The requirement to try to settle a claim by friendly discussions might be considered, by the law, a mere agreement to negotiate and therefore unenforceable.
As an unenforceable condition precedent to arbitration it may be that, notwithstanding the commercial sense underlying the clause, a party was free to commence arbitration without having sought to resolve his claim by friendly discussions.
In Emirates Trading Agency Llc v Prime Mineral Exports Private Ltd (“PMEPL”)  a clause obliged the parties to seek to resolve a dispute by friendly discussions and provided for the parties to see if they could resolve it within 4 weeks before arbitration could be commenced.
The court decided that precedent did not bind it to rule to be unenforceable a dispute resolution clause which required the parties to seek to resolve a dispute by friendly discussions, in good faith, and within a limited time, before the dispute might be referred to arbitration.
Such an agreement was complete – no essential term was lacking. Since it is an obligation to seek to resolve a dispute arising under the Long Term Contract dated 20 October 2007 (“LTC”) the discussions would concern the rights and obligations under the LTC so as to try to reach a compromise of the dispute which reflected the bargain the parties had entered into. It would not entail an open-ended discussion of each party’s commercial interests without regard to their rights and obligations under the LTC.
So the agreement had sufficient certainty to be enforceable.

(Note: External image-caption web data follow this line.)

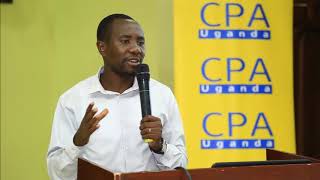 Business Policy and strategy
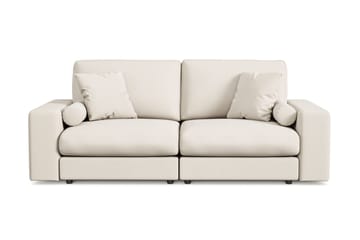 Ljusbeige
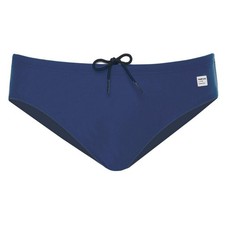 Costume Slip MC2 Saint Barth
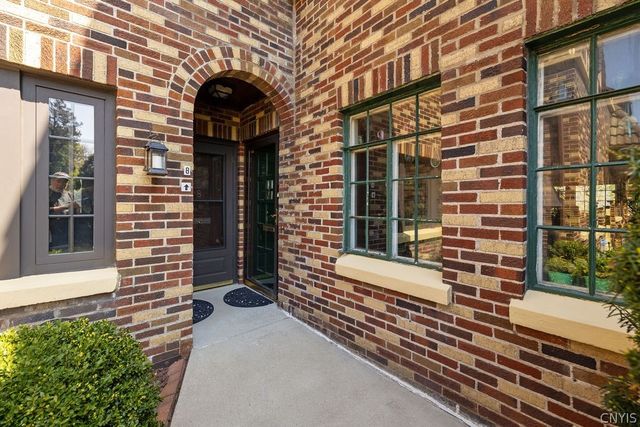 3401 James Street 7, Syracuse, NY 13206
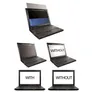 Lenovo Privacy Filter Sichtschutz für 14" ThinkPad T4**(s), L4** (0A61769)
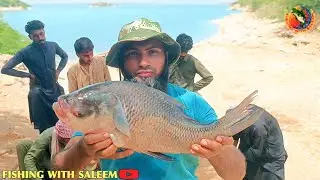 Hub dam ki taze machhliyan#حب ڈیم کی تازی مچھلیاں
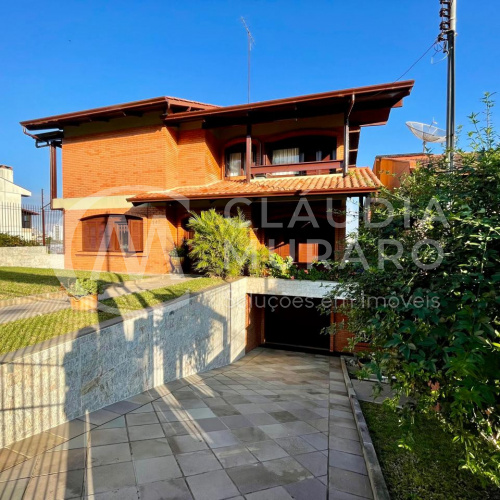 Casa na Colina Sorriso.jpg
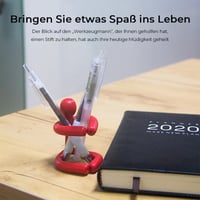92366482-c3db-46f4-4c82-df274fe67b00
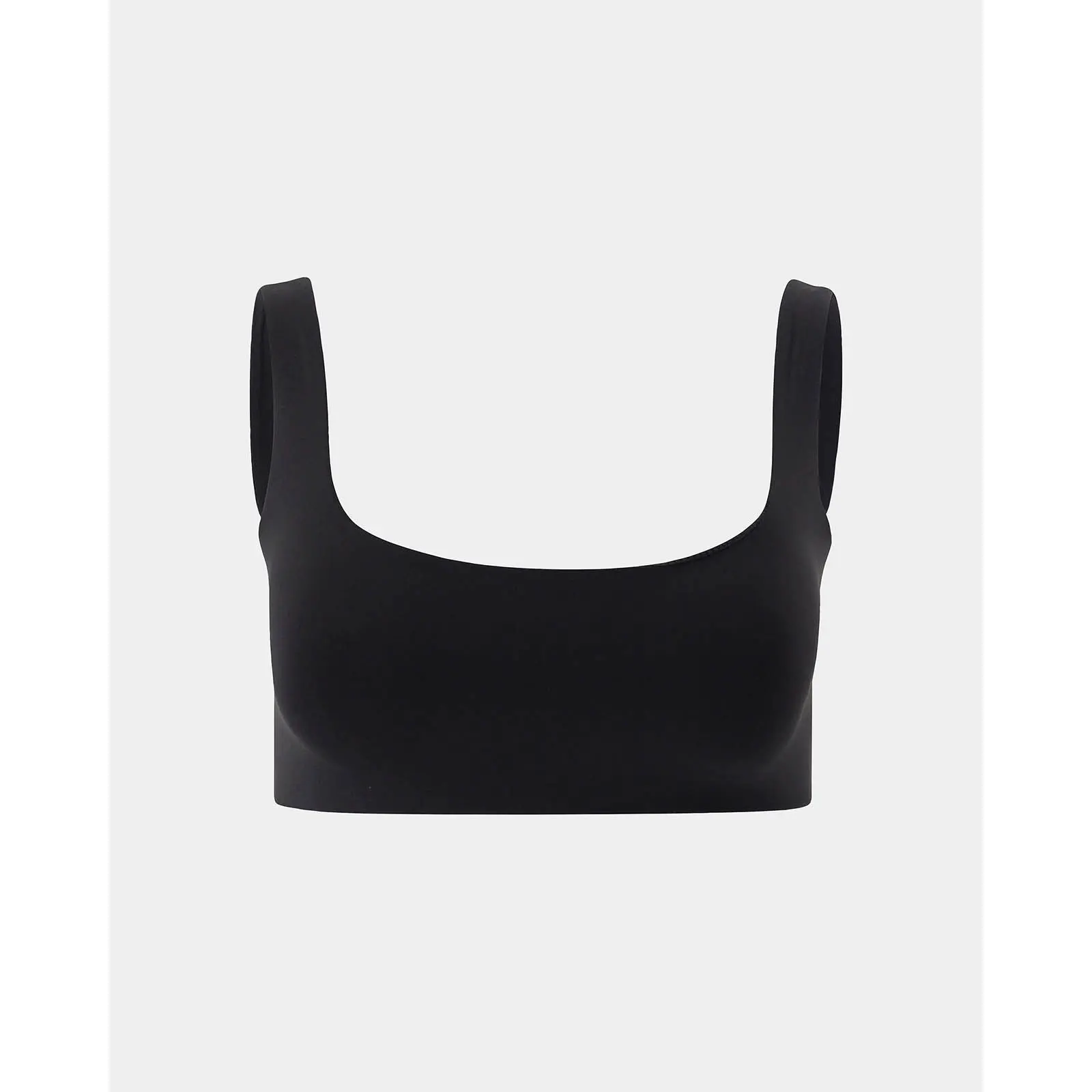 Softie Flex Bralette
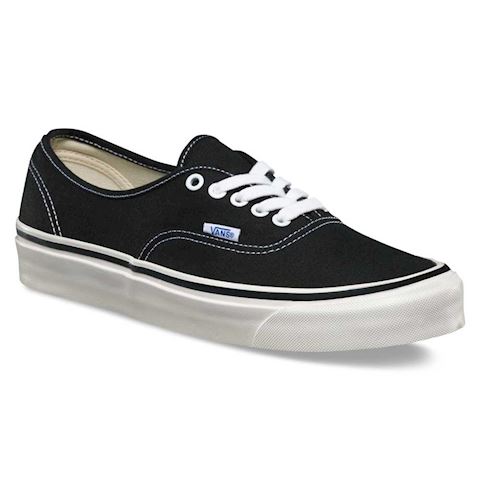 Vans Authentic 44 DX VN0A38ENMR2 from 49,95 €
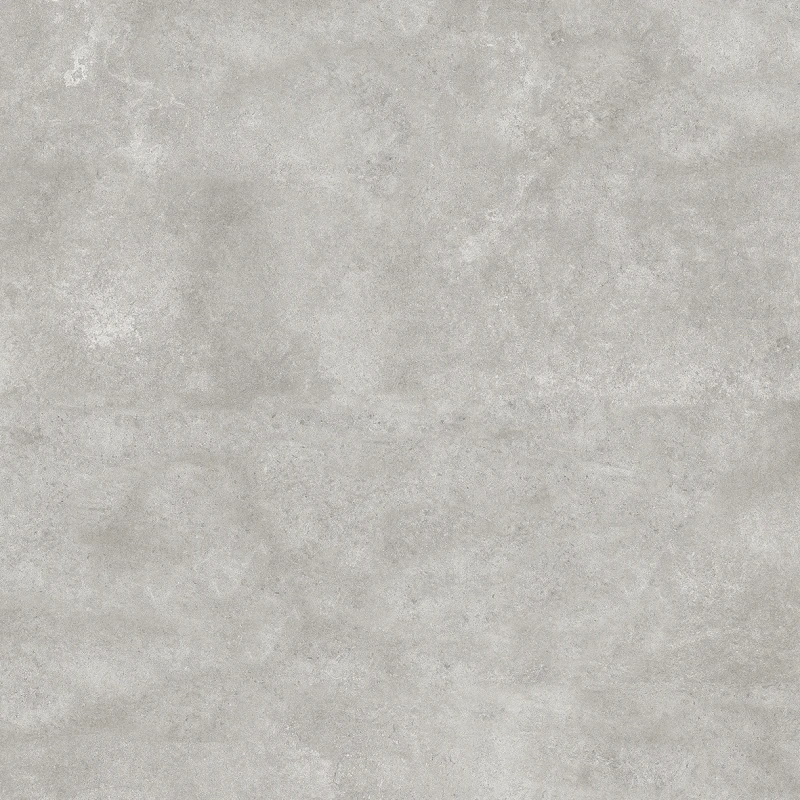 Tuscandy Light Grey Керамогранит 80х80 Лаппатированный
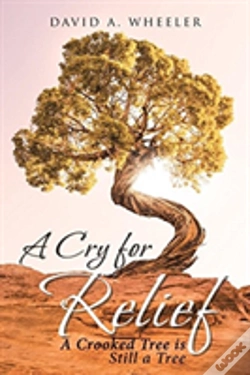 Capa do artigo A Cry For Relief
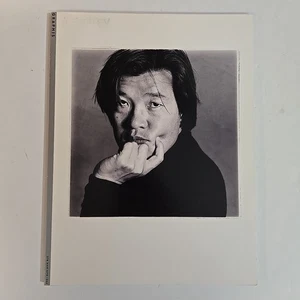 GRAPHIS MAGAZINE Issue 278 March/April 1992 Advertising Design - Picture 1 of 3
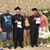 Jerri Lynn Balluck's profile image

A court should be able to identify behaviour at variance with the conduct anticipated of parties who had agreed to seek to resolve contractual disputes by friendly discussions. For example, a party who refused to discuss his claim at all could easily be shown to have breached the obligation to seek to resolve his claim by friendly discussion.
Problems proving breach, sometimes, did not mean that the clause lacked substance.
If a party sought damages for breach of the obligation it might be difficult to establish what the result of the discussions would have been, had they taken place, in accordance with the clause, but damages could be awarded for “loss of a chance”.
Besides, concluding that the obligation was enforceable would match the public policy of encouraging parties to resolve disputes without costly arbitration or litigation.
The obligation to seek to resolve disputes by friendly discussions must imply an obligation to try to do that in good faith. Conventionally such an obligation went without saying and was necessary to be implied to give “business efficacy” to the contract.
Friendly discussions had taken place in Goa on 1 and 2 December 2009 in which the parties sought to resolve PMEPL’s claim for US$45 million. The giving of a actual notice to enter into friendly discussions was not a mandatory requirement here. If notice to resolve the dispute by friendly discussions had been a mandatory requirement in this case enough notice must have been given in circumstances where the parties had assembled in Goa to discuss the issues between the parties. If the relevant clause of the LTC had required a written notice such requirement must (in those circumstances) have been waived.
So the arbitrators had jurisdiction to decide the dispute between the parties because the condition precedent to arbitration, although enforceable, had been satisfied.
This blog has been posted out of general interest. It does not remove the need to get bespoke legal advice in individual cases.